Nel corso del tempo, in questo lembo di terra ho seminato ricordi ed emozioni forti tra i sassi e le conchiglie sul bagnasciuga e li ho intrecciati con la spuma delle onde.
Ho trascorso lunghe ore con il mio mare, a lasciarmi cullare la solitudine, a raccontargli di me e ad ascoltare di lui. Ho imparato a restare in silenzio, a respirare e ad osservare, ché il mare decisamente non lo conosci in fretta. Ho imparato a vivere la simbiosi tra la cadenza del mio respiro e la continua metamorfosi del suo, fino ad avvertirla rimbombarmi nella cassa toracica, ondata di rantoli cavernicoli, ora quieti, ora violenti. Ho imparato a lasciarmi andare e a scendere dalla superficie ai fondali, fino ad alienare la mia anima e il mio momento nel palpito incalzante del mare, sfogando le emozioni e consolando gli affanni.

Così, questo lembo di terra si è rivestito ai miei occhi di un’aura rituale. Oggi ci torno solo quando so che l’orda di culotetteaddominali al rimorchio è distante, ma venero questo lembo di terra, lo venero come liquido amniotico, lo venero quand’è silenzioso, quand’è mio, quando posso riprendere a dialogarci indisturbata e nutrire l’anima, quando mi ci immergo e torno a respirare e mi sento libera di andare ed immensa.


Domani, che poi è già oggi, torno a Sud per qualche giorno, devo risolvere alcuni problemi di salute e rilassarmi tra mia mamma e mia sorella.
Tornerò anche al mio mare, da giorni ormai ne sento il richiamo ancestrale.


Tra due ore suona la sveglia per andare in aereoporto. Magari non vado a letto e vedo l’alba. Adesso la sto aspettando con impazienza.

Mood: azzoppato, ma tenace
Listening to: il vento che accarezza l’erba
Watching: l’erba accarezzata dal vento
Playing: nel mio mondo nascosto
Drinking: vino rosso (“Non dà alla testa questo!”, le ultime parole famose…)

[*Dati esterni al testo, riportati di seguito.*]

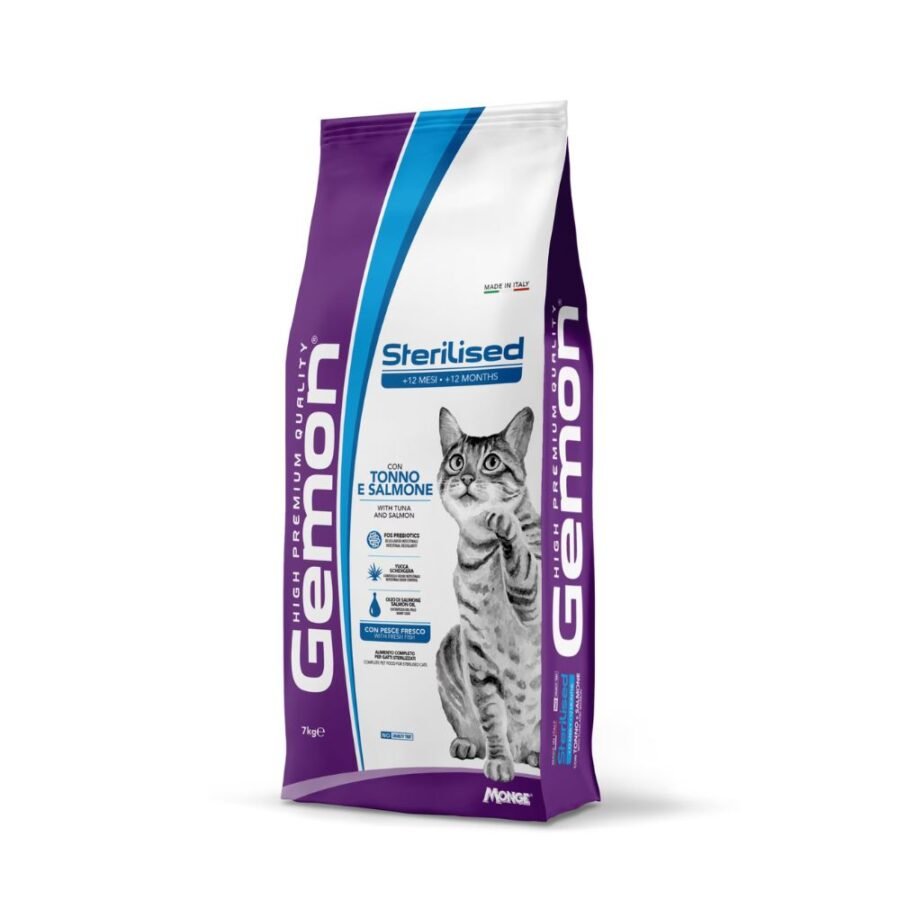 Ξηρά Τροφή Γάτας Gemon Sterilized Cat Tuna & Salmon -2kg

Nuova settimana, nuovo progetto, ancora per animazione.
Questa volta il tema assegnato è “Deus ex machina”.
Per me si è rivelato molto stimolante. Tant’è vero che non ci ho messo molto ad avere l’idea interpretativa e a farmi prendere dalla sua realizzazione.
Anche perché, come sempre, il tempo che posso dedicare ad un progetto è minimo. C’è sempre troppo da fare e mai quello spazio franco, tra una cosa e l’altra, necessario per innamorarmi di un progetto.

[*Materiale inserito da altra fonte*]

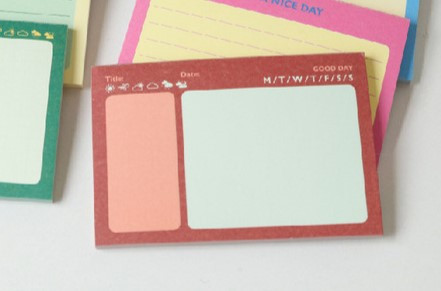 Have A Nice Day Note Pads | Red Blocks | H2604100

In merito alla mia idea non voglio raccontare molto per ora. Surprise! Dopotutto, una volta conclusa l’animazione, non ci sarà bisogno di chissà quale chiave di lettura. Per questa volta, l’ermetismo è a riposo.
Mi limito comunque ad un’indizio qui sotto. Molto significativo.
(Sfida agli arguti, si accettano ipotesi sulla mia idea.)

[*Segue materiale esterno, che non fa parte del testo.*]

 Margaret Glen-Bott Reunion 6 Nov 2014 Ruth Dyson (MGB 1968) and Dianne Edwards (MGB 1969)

Questo è uno degli elementi che sto realizzando in Illustrator e che poi andrò ad animare in After Effects. Strada questa che (se il mio vecchio pc mi aiuta) mi consentirà di animare più rapidamente.


Il punto fondamentale della questione è costruire ogni parte da animare in modo tale che sia facilmente smontabile e ricomponibile come meglio si preferisce.
Per capire come costruire questo burattino, ho avuto bisogno di due giorni di alienazione dal mondo, in cui ho tentato e ritentato, visto mille disegni di gente che sa disegnare per analizzare posizioni, prospettive e possibilità e altri mille video di gente che sa animare.
Stamattina, di fronte al cornetto e all’espressino/marocchino che mi ha portato la mia mamma per consolarmi e sulla scorta anche di un’intuizione notturna, si è illuminata la lampadina. E soprattutto mi è diventato chiaro che mi ero persa in un bicchier d’acqua.
Bastava aggiungere dei cerchi in mezzo ai solidi così che gli arti fossero disarticolabili.
Avrei potuto ballare il waka-waka in segno di vittoria. Dico davvero, mi risuonava in testa!


Meglio tardi che mai, è vero.


*
Ma mi fa rabbia la lentezza con cui sto apprendendo
Mi fa rabbia la mia difficoltà nell’esprimere con il disegno un’idea che magari ho ben chiara in mente. Sono vittima di un vero è proprio blocco traumatizzante, si direbbe.
Mi fa rabbia la staticità che dei miei lavori in movimento. Compongo l’inquadratura, ma fa schifo lo sviluppo dei suoi elementi nel tempo. Riconosco i miei limiti.
Mi fa rabbia la mediocrità di ciò che ho prodotto fin’ora, non mi basta. Non voglio essere una dei tanti.

La mia costante insoddisfazione. Anche quella mi fa rabbia.